SpeechT5_hy / src /audio_processing.py
Edmon02's picture
Enhance deployment and performance optimizations for TTS system
797f6a7
"""
Audio Post-Processing Module
============================
Handles audio post-processing, optimization, and quality enhancement.
Implements cross-fading, noise reduction, and dynamic range optimization.
Optimized for Hugging Face Spaces deployment.
"""
import logging
import time
from typing import Tuple, List, Optional
import numpy as np
import scipy.signal
from scipy.ndimage import gaussian_filter1d
logger = logging.getLogger(__name__)
class AudioProcessor:
"""Advanced audio post-processor for TTS output optimization."""
def __init__(self,
crossfade_duration: float = 0.1,
sample_rate: int = 16000,
apply_noise_gate: bool = True,
normalize_audio: bool = True):
"""
Initialize audio processor.
Args:
crossfade_duration: Duration of crossfade between chunks in seconds
sample_rate: Audio sample rate
apply_noise_gate: Whether to apply noise gating
normalize_audio: Whether to normalize audio levels
"""
self.crossfade_duration = crossfade_duration
self.sample_rate = sample_rate
self.apply_noise_gate = apply_noise_gate
self.normalize_audio = normalize_audio
# Calculate crossfade samples
self.crossfade_samples = int(crossfade_duration * sample_rate)

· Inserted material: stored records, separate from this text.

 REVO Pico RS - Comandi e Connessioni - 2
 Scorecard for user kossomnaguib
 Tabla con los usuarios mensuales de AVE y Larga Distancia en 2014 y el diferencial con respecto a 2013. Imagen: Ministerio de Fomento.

logger.info(f"AudioProcessor initialized with {crossfade_duration}s crossfade")
def _create_crossfade_window(self, length: int) -> Tuple[np.ndarray, np.ndarray]:
"""
Create crossfade windows for smooth transitions.
Args:
length: Length of crossfade in samples
Returns:
Tuple of (fade_out_window, fade_in_window)
"""
# Use raised cosine (Hann) window for smooth transitions
window = np.hanning(2 * length)
fade_out = window[:length]
fade_in = window[length:]
return fade_out, fade_in
def crossfade_audio_segments(self, audio_segments: List[np.ndarray]) -> np.ndarray:
"""
Crossfade multiple audio segments for smooth concatenation.
Args:
audio_segments: List of audio arrays to concatenate
Returns:
Smoothly concatenated audio array
"""
if not audio_segments:
return np.array([], dtype=np.int16)
if len(audio_segments) == 1:
return audio_segments[0]
logger.debug(f"Crossfading {len(audio_segments)} audio segments")
# Start with the first segment
result = audio_segments[0].astype(np.float32)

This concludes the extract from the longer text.